:: Record excerpts
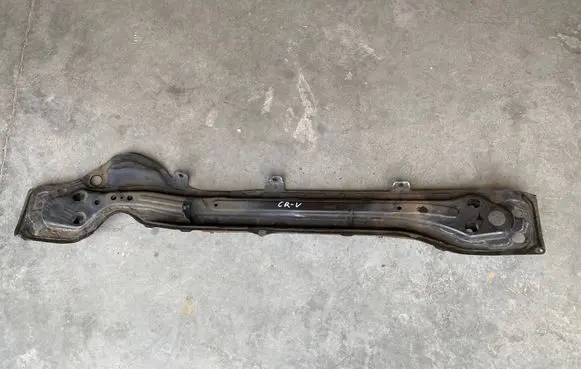 Honda CR-V Front bumper support beam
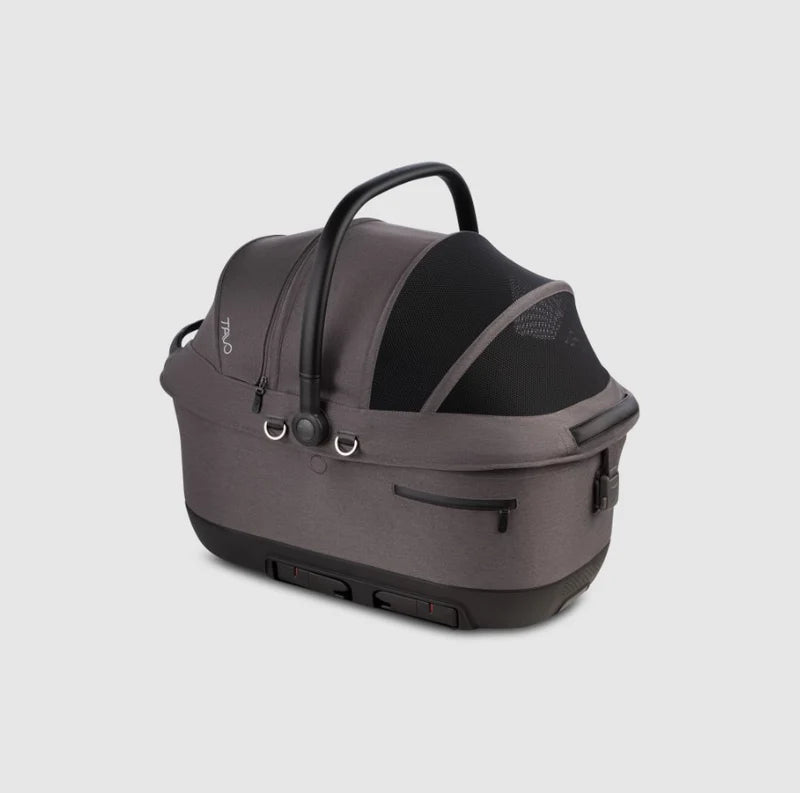 Tavo Maeve iso6X Wind Pet Car Seat- Strolleria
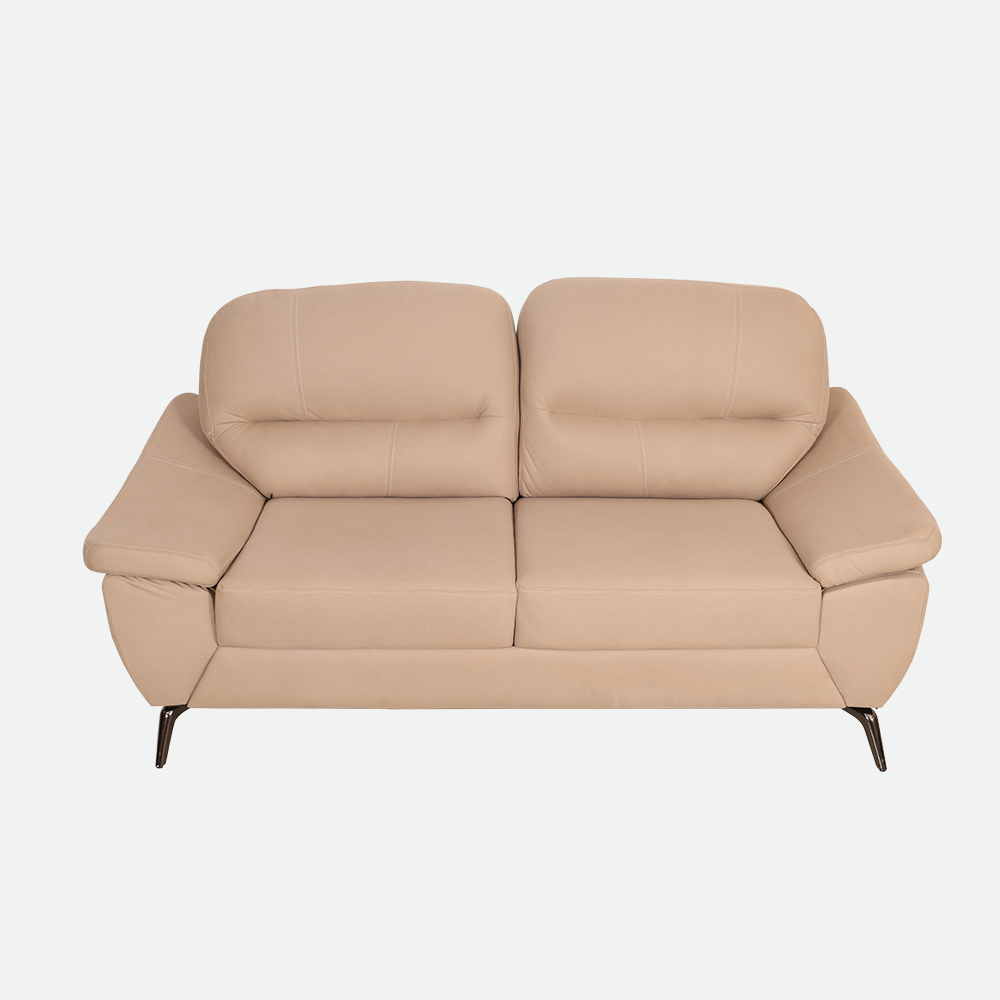 MAARK FABRIC SOFA SET 2+2+DIWAN 6001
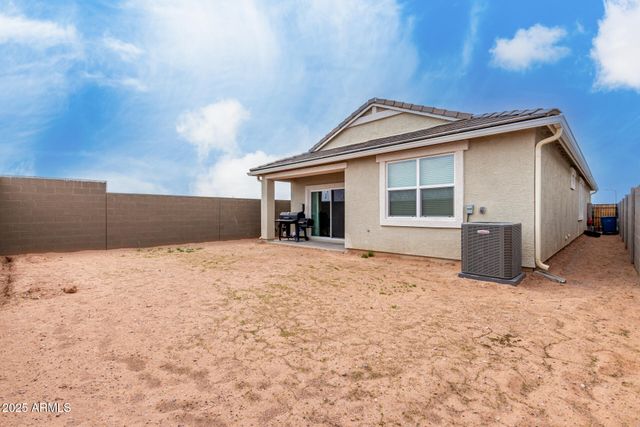 10347 S Saguaro Drive, Apache Junction, AZ 85120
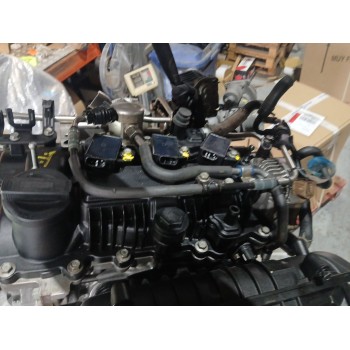 Recambio de motor completo para hyundai kona (os, ose, osi) 1.0 t-gdi referencia OEM IAM G3LE B 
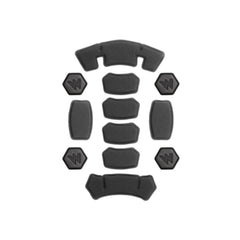 Team Wendy Exfil Ballistic Helmet Comfort Pad Replacement Kit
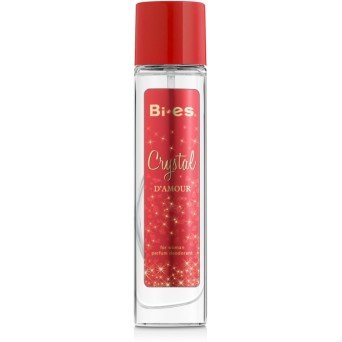 Bi-Es Crystal D'Amour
::::
• _Task brief_: Could you set down every entry above exactly as it stands, with no images?

• _Response below_:
 Honda CR-V Front bumper support beam
 Tavo Maeve iso6X Wind Pet Car Seat- Strolleria
 MAARK FABRIC SOFA SET 2+2+DIWAN 6001
 10347 S Saguaro Drive, Apache Junction, AZ 85120
 Recambio de motor completo para hyundai kona (os, ose, osi) 1.0 t-gdi referencia OEM IAM G3LE B 
 Team Wendy Exfil Ballistic Helmet Comfort Pad Replacement Kit
 Bi-Es Crystal D'Amour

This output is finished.